O manifesto não menciona como deveria ser o programa, mas diz que "um fator de enorme convergência de todos esses setores é, sem dúvida, a figura do presidente Luiz Inácio Lula da Silva, a maior liderança popular das últimas décadas da história brasileira".
O ex-presidente Lula, artistas e intelectuais durante a plenária de São Paulo na Quadra dos Bancários, centro da capital
Dilma e Vaccari. Com um tom bem mais ácido, o documento produzido pela corrente Mensagem ao Partido, grupo do ministro da Justiça, José Eduardo Cardozo, afirma que o segundo mandato de Dilma começou com "uma clara inflexão conservadora na gestão macroeconômica, contraditória com o programa eleito".
Redigido pelo ex-governador do Rio Grande do Sul Tarso Genro, o texto "Mudar Mais: por um ciclo de mudanças democráticas no País" diz que os maiores erros, nos últimos anos, foram cometidos pelo Banco Central, define a taxa básica de juros (Selic) como "escandalosa" e cobra a rejeição das tentativas de desmontar a política de desenvolvimento.
"É preciso superar esse impasse ou o segundo governo Dilma trabalhará, na melhor das hipóteses, com um cenário de baixo crescimento e eventual crescimento do desemprego (...), em um contexto de ajuste fiscal vicioso", destaca o documento da Mensagem ao Partido.
Mesmo sem citar o tesoureiro do PT, João Vaccari Neto, o grupo de Cardozo e Tarso deixou claro que defende o afastamento do dirigente. Vaccari se tornou réu numa ação penal da Operação Lava Jato, acusado de participar do esquema de desvio de dinheiro na Petrobrás. Ele responde a processo por corrupção e lavagem de dinheiro e nega as denúncias.
"(...) Combateremos sem trégua a corrupção, a conciliação com a corrupção e a convivência com a corrupção. Além disso, filiados com função dirigente na condição de réu ou sob inquérito criminal em processos de apuração de corrupção devem ser afastados preventivamente, garantindo direito de defesa, enquanto perdurar esses processos", diz o texto.
Há três dias, Tarso já havia externado sua opinião sobre a necessidade de afastamento de Vaccari. "Se ele não se afastar, o PT terá de fazer o afastamento preventivo", argumentou o ex-governador.

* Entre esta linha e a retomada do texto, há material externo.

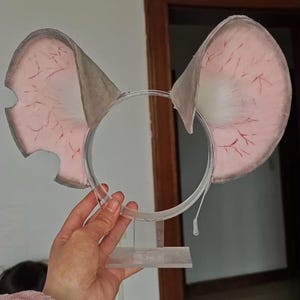 Puede incluir: Una diadema con dos orejas grandes y redondeadas con un interior rosa pálido detallado con finas venas rojas ramificadas. Los bordes exteriores de las orejas son de un gris apagado y la base de cada oreja tiene un mechón de pelo blanco.
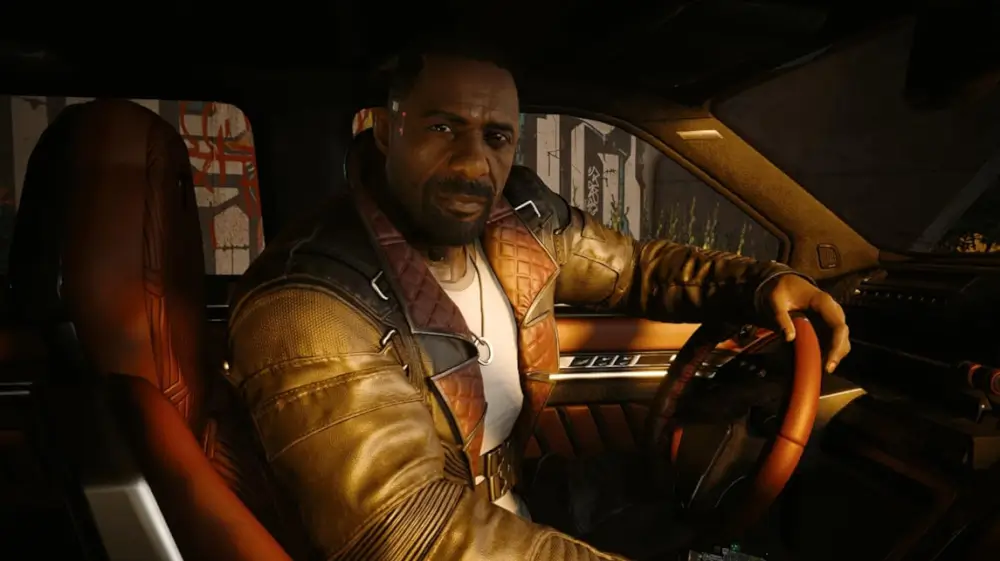 Cyberpunk 2077 Ultimate Edition אחד השחקנים יושב בתוך המכונית עם יד על ההגה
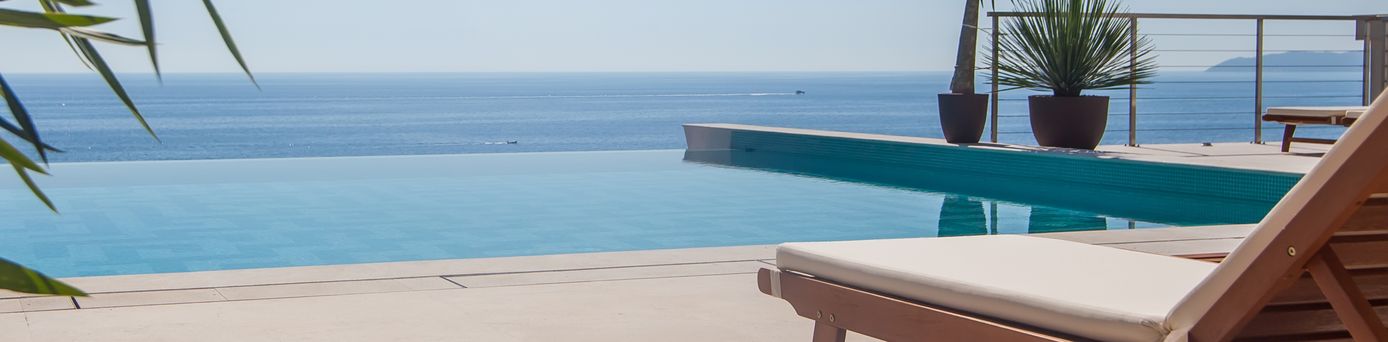 Eine Liege und an einem Infinity Pool, im Hintergrund das Meer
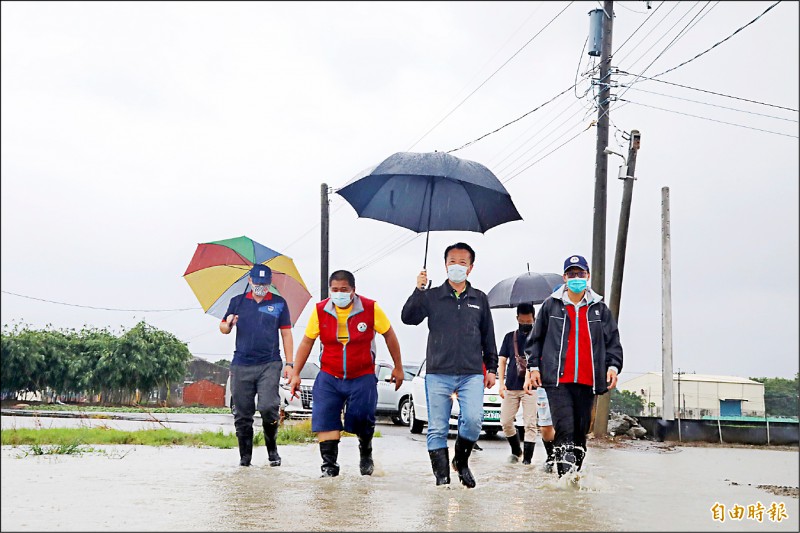 嘉義地區前天起至昨天持續降雨，嘉義縣長翁章梁（中）冒雨涉水勘查淹水情況。（記者蔡宗勳攝）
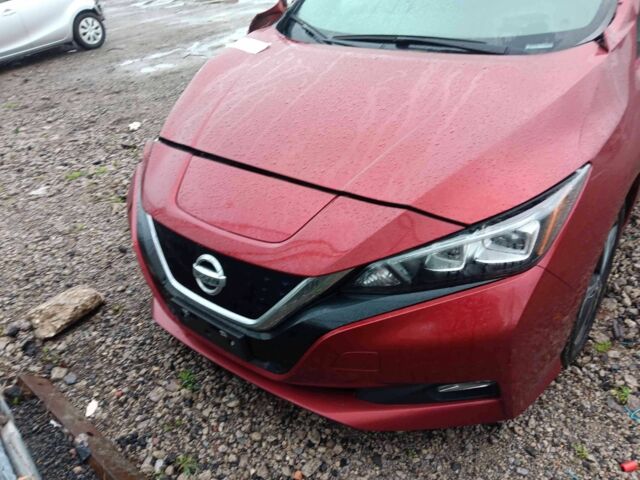 Красный Ниссан Лиф, объемом двигателя 0 л и пробегом 92 тыс. км за 12250 $, фото 4 на Automoto.ua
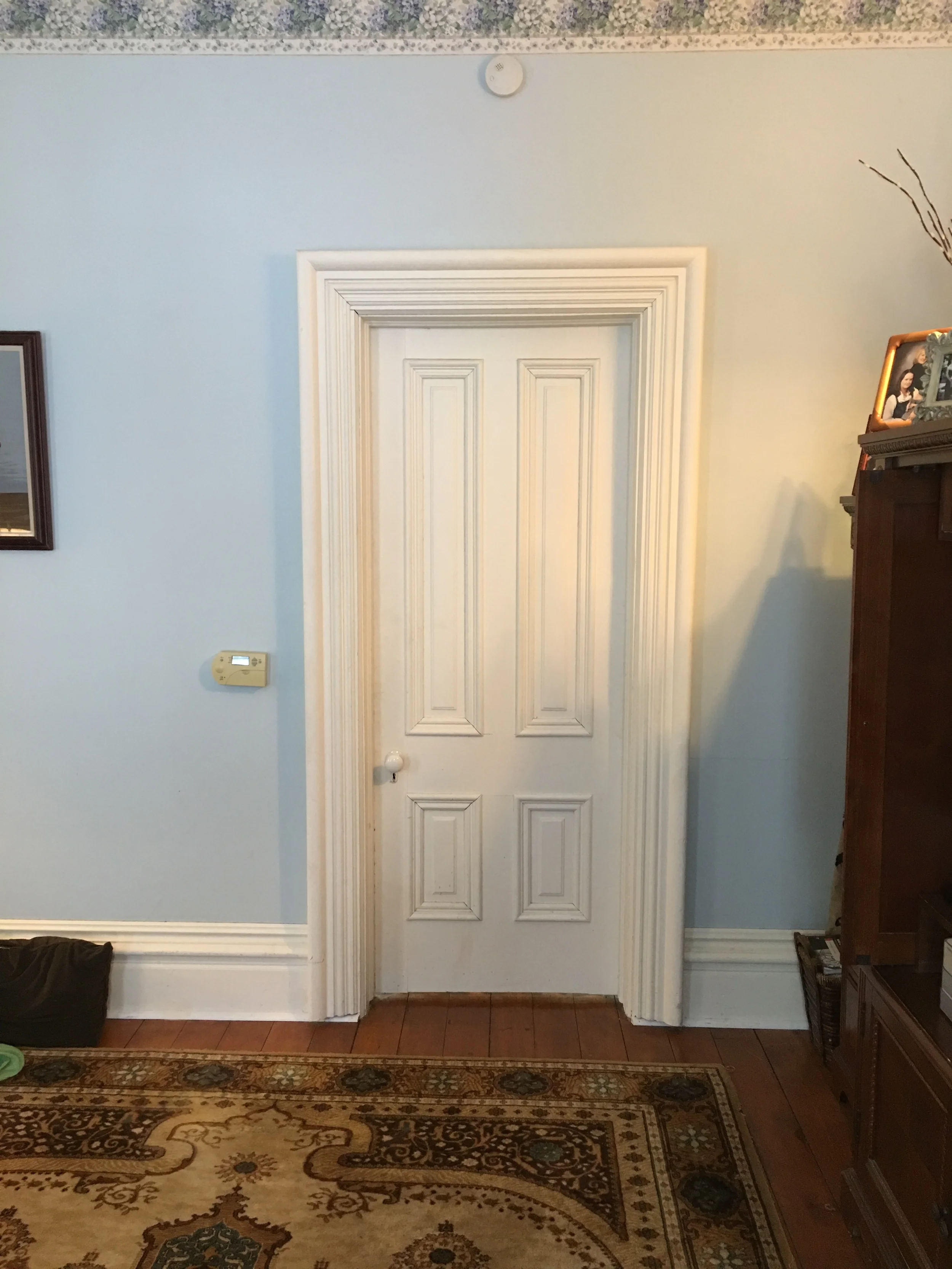 This is a door in the living room - note the way the surround builds out all the way to the outside edge...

Embora petistas estejam pressionando Vaccari a deixar o cargo, a corrente dele (CNB) no espectro ideológico do petismo não foi tão explícita como o grupo de Tarso e Cardozo. Ao mencionar que é imprescindível cortar a corrupção "na raiz", e, se necessário, "na própria carne", o manifesto fez, porém, uma advertência. "O PT necessita sair das páginas policiais do noticiário e ficar apenas naquelas dedicadas à política, onde tem muito a dizer", observou.